In Smith v. Patenaude & Felix, plaintiff alleged that defendant violated the FDCPA and FCRA by pulling her credit report without a permissible purpose because defendant knew, or should have known, that plaintiff was not the debtor. Defendant moved to dismiss, arguing that the debt collection attempts provided a permissible purpose for obtaining the credit report. The court denied the motion, finding that the allegation that plaintiff was not the debtor, and was not involved in initiating the transaction that resulted in the debt, was sufficient to state a claim for an unlawful credit pull.
In Tschudin v. Brumbaugh & Quandahl, plaintiff alleged that defendant violated the FDCPA by filing a collection lawsuit that included exhibits containing plaintiff’s account number, date of birth and social security number. Defendant moved to dismiss, arguing that the mistaken failure to redact the information was inadvertent, and could not be considered an unfair or abusive collection practice. The court agreed and dismissed the FDCPA claim, concluding that the FDCPA does not create a cause of action for filing a relevant document that was not properly redacted.
In Grace v. LVNV Funding, plaintiff alleged that defendant violated the FDCPA by adding an 18% “service charge”, which was alleged to be a disguised interest charge not authorized by state law or the underlying agreement. Defendant moved for summary judgment, arguing that the charge was not interest, but a passable service charge. The court rejected that argument, finding that the charge was a disguised interest charge being collected at an unlawful rate.
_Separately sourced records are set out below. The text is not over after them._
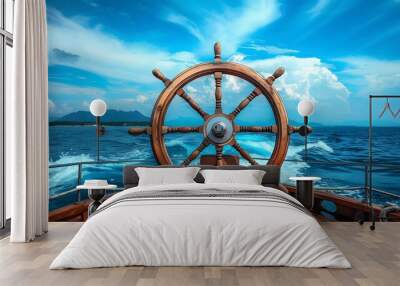 ship wheel on boat with sea and sky. freedom and adventure. direction concept Wall mural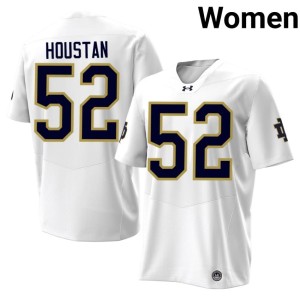 #52 Fighting Irish 2026-27 White Devan Houstan Women's College Football Jersey 957773-869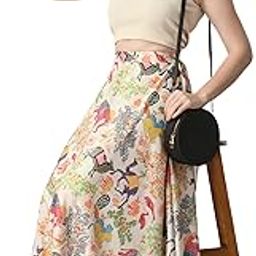 Printed Full Long Flared Skirt for Women/Girls/Ladies-picture-34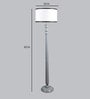 Confined White Metal and Fabric Shade Club Floor Lamp With Wood Base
In Norman v. Complete Payment Recovery, plaintiff alleged that defendant violated the TCPA by placing robocalls to his cell phone without consent. Defendant moved for summary judgment, arguing that the calls were not made with an “automatic telephone dialing system” as defined by the TCPA because the calls were manually dialed on equipment lacking any automated or predictive dialing capacity. The court denied the motion, finding that there was a disputed factual issue on the manner used to make the calls because plaintiff testified that he heard a non-human, automated voice when he answered some of the calls.